§ **Stored data**:
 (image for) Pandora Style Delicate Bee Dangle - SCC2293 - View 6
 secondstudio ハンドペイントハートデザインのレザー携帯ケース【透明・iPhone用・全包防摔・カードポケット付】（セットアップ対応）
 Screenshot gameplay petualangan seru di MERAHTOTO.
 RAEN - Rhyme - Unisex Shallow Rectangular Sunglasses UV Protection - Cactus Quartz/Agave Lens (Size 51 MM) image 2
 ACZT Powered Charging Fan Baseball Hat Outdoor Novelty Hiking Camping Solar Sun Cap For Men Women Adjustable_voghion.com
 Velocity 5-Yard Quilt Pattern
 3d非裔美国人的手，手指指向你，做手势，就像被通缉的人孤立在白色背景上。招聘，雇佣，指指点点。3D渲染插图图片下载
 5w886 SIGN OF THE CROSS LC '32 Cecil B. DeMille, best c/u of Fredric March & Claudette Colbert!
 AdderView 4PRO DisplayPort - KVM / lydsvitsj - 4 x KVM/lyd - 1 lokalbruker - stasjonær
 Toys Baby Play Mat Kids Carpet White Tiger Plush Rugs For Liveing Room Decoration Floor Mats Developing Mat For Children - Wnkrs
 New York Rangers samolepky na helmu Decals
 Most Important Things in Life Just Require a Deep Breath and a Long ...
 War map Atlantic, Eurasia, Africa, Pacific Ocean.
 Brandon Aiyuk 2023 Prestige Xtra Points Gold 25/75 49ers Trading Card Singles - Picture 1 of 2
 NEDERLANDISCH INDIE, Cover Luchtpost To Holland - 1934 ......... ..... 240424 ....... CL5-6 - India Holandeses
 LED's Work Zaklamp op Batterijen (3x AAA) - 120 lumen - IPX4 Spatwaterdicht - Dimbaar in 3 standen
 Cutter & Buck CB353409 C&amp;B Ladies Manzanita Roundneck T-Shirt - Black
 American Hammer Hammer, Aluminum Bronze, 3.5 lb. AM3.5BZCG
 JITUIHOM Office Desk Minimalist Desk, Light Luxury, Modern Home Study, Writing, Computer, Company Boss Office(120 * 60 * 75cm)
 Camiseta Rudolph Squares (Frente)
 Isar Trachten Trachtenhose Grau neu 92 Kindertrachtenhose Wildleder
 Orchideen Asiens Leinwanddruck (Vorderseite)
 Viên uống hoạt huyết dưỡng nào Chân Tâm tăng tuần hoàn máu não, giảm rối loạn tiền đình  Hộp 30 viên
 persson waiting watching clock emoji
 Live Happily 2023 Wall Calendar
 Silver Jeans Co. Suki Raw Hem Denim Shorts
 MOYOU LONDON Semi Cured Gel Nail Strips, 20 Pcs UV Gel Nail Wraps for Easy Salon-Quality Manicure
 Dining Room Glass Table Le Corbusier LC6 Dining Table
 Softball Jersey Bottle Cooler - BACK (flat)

§ **Your goal**: Search the listing above for the string "image" and copy each line that has it.

§ **Reply to the task**:
 (image for) Pandora Style Delicate Bee Dangle - SCC2293 - View 6
 RAEN - Rhyme - Unisex Shallow Rectangular Sunglasses UV Protection - Cactus Quartz/Agave Lens (Size 51 MM) image 2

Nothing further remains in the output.